Output range, inclusive: from the line containing "Toyota Hiace TOYOTA" to the line containing "سوییت جونیور, Hagia". Restate those lines from the data below word for word and only those.

** Opening DATA FOR ANALYSIS block **

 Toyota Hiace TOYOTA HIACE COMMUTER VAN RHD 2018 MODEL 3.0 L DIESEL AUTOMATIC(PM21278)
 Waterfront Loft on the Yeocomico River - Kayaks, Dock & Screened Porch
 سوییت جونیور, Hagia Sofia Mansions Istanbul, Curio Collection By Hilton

** Closing DATA FOR ANALYSIS block **
** Opening DATA FOR ANALYSIS block **

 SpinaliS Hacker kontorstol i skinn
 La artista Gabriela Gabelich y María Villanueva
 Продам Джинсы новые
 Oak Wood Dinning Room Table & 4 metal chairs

** Closing DATA FOR ANALYSIS block **

> **ANSWER SECTION**:
 Toyota Hiace TOYOTA HIACE COMMUTER VAN RHD 2018 MODEL 3.0 L DIESEL AUTOMATIC(PM21278)
 Waterfront Loft on the Yeocomico River - Kayaks, Dock & Screened Porch
 سوییت جونیور, Hagia Sofia Mansions Istanbul, Curio Collection By Hilton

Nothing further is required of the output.